Arbeitsrecht Kann man sich gegen Dauerbeschallung am Arbeitsplatz wehren?
Gütersloh · Sobald die Chart-Hitliste durch ist, geht's wieder von vorne los: Wer sich am Arbeitsplatz dauerhaft mit Musik beschallen lassen muss, braucht starke Nerven.
Die Kollegen verbinden jeden Morgen das Smartphone mit der Bluetooth-Box und drücken auf Play: Mit Musik geht ihnen die Arbeit einfach leichter von der Hand. Und auch die Verkäuferin im Supermarkt muss während ihrer Schicht das Radio im Hintergrund erdulden. Können Arbeitnehmer sich gegen diese Art der Dauerbeschallung am Arbeitsplatz wehren?

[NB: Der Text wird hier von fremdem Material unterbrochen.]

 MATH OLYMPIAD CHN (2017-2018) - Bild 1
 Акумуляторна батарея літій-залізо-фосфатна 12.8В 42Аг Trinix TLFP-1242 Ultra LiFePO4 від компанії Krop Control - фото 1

„Formal genommen muss man hier die Dinge ein bisschen auseinandernehmen“, sagt Johannes Schipp, Fachanwalt für Arbeitsrecht in Gütersloh. „Wenn man im Kaufhaus arbeitet, gilt die Musik als verkaufsförderndes Mittel. Da haben Arbeitnehmer eher keine Chancen, sich zu wehren.“
Die laute Musik am Nachbararbeitsplatz des Kollegen stehe aber nicht im direkten Zusammenhang mit der beruflichen Tätigkeit. Mitarbeiter können dagegen vorgehen. In Betrieben, in denen es einen Betriebsrat gibt, kann das Problem eine Frage der Ordnung des Betriebs sein. Der Betriebsrat darf dann mitbestimmen, inwieweit es zulässig ist, dass Mitarbeiter etwa in der Produktion ihre Musik laufen lassen.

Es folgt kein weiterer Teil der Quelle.